Under the Hood – The Need for Attention


The Need for Attention
By The Warden

I’ve never been one for trends. To me, the latest website or service means another username and password for yet something else I might not use. When I received a link to Pinterest, I checked it out and moved on as I’ve never been one to share photos, let alone take them. (Being in front of a camera is not exactly my most comforting moment, even when I had to do so for a recent project.) I’m good with Facebook and Twitter, thank you, though I have been trying Google+ as a more “professional level” of Facebook.

There has been one exception recently: Kickstarter. I know I’ve talked about it before briefly, but it’s ramping up a path on the publicity ladder this week as two projects surpass $1 million, including one hitting the mark in 24 hours. While these are far from the traditional RPGs this column features, the implication for future designers and the game publishing industry as a whole is astounding when you think about it.

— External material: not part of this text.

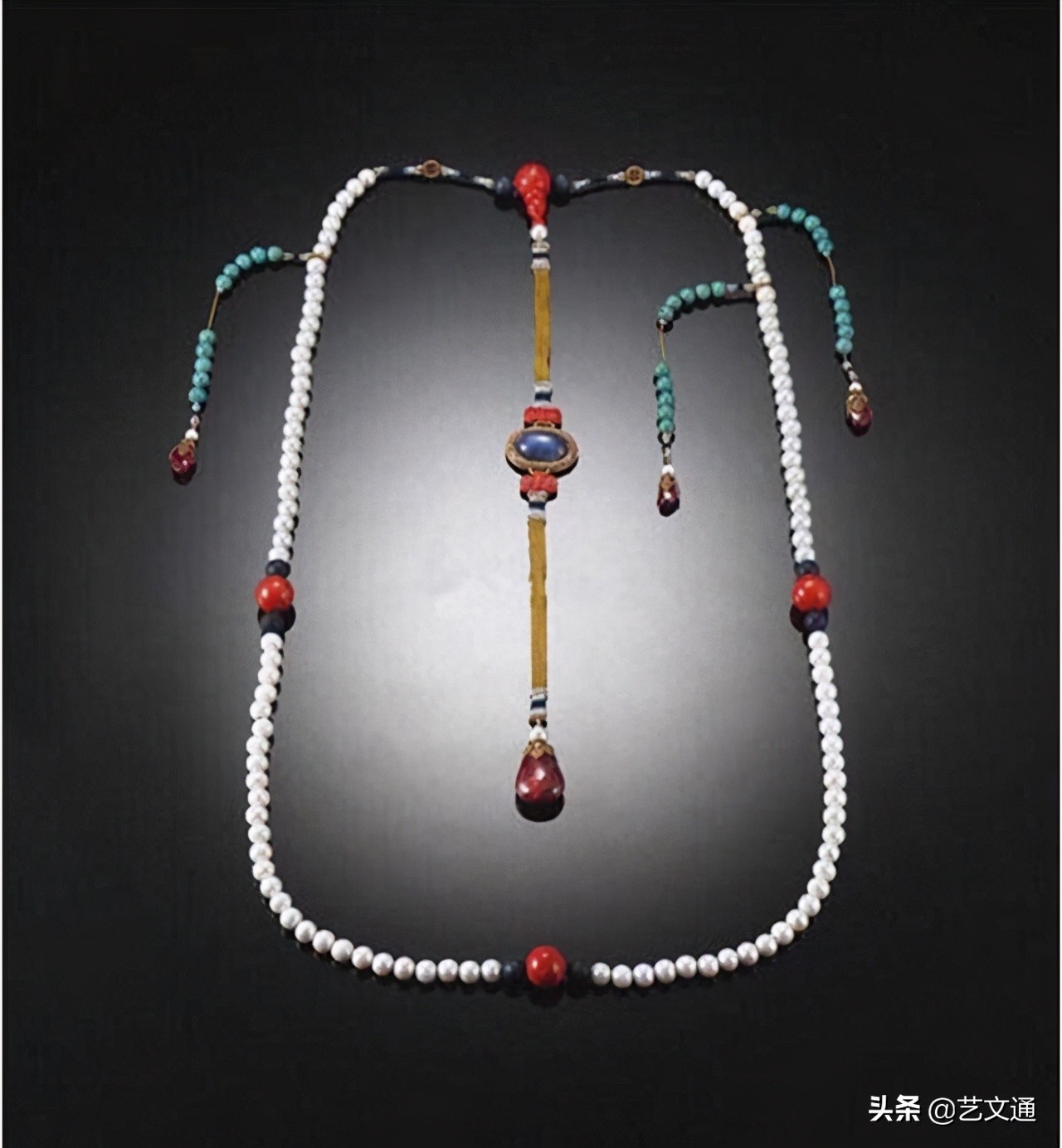 朝珠是朝廷发的吗,皇帝的朝珠值多少钱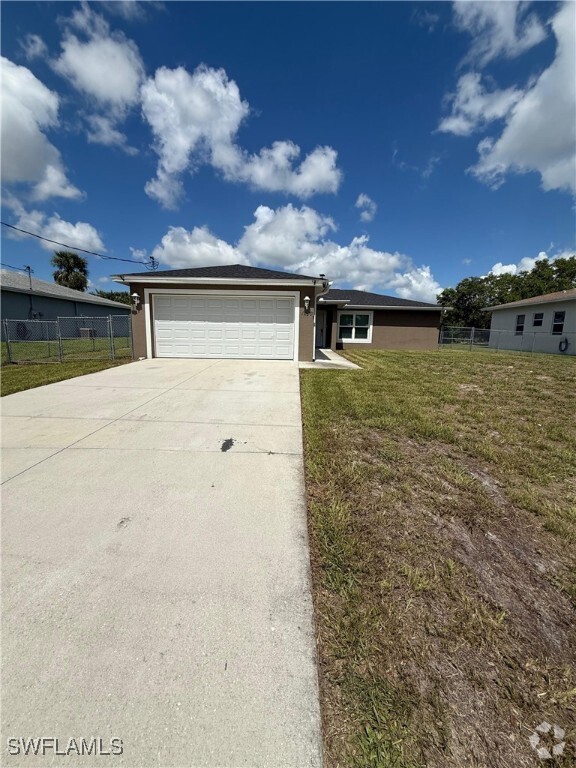 Building Photo - 1209 Banjo Ct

Aspiring game designers – myself included – are chomping at the bit to take advantage of these tools to launch our new designs without having to go through the bother of submissions to publishers or convincing a bank your idea is the best thing since sliced bagels. No one hangs rejection letters on the wall. On the surface, having sites like Kickstarter, Indie-Go-Go, and others all over the world provide an exciting means for us to pitch our ideas to fellow gamers and other like-minded enthusiasts for help getting our ideas off the ground. But like all concepts, there’s more to this story than the enthusiastic winners and nothing is as simple as it seems.

Funding
For every successful project, there is another failure. Or perhaps two or three. Not everything makes it off the ground and the process can be a daunting task. Name recognition still plays a huge roll in any successful campaign, much as it does with anything else, and people are more willing to invest in an idea from a name they recognize than one they do not. This is not to say the person standing behind the curtain is the beginning and end of their success, they had to work for that level of recognition and should be rewarded as such. What this teaches us is we should not be so quick to assume instant success because of the victories read about online or in mainstream news because even these have to struggle to achieve their results. We can, however, learn from their efforts and avoid the pitfalls they’ve had to overcome to get to where they are now.

Daniel Solis (Do: Pilgrims of the Flying Temple) has taken on quite a few projects through crowdsourcing and public funding, including the recently completed Writer’s Dice. His blog provides a very open and detailed accounting of the trials and tribulations of putting these projects together and still struggles with financial concerns (with shipping being the biggest nightmare all projects have to overcome). Anyone looking to openly produce any project would be wise to heed his advice.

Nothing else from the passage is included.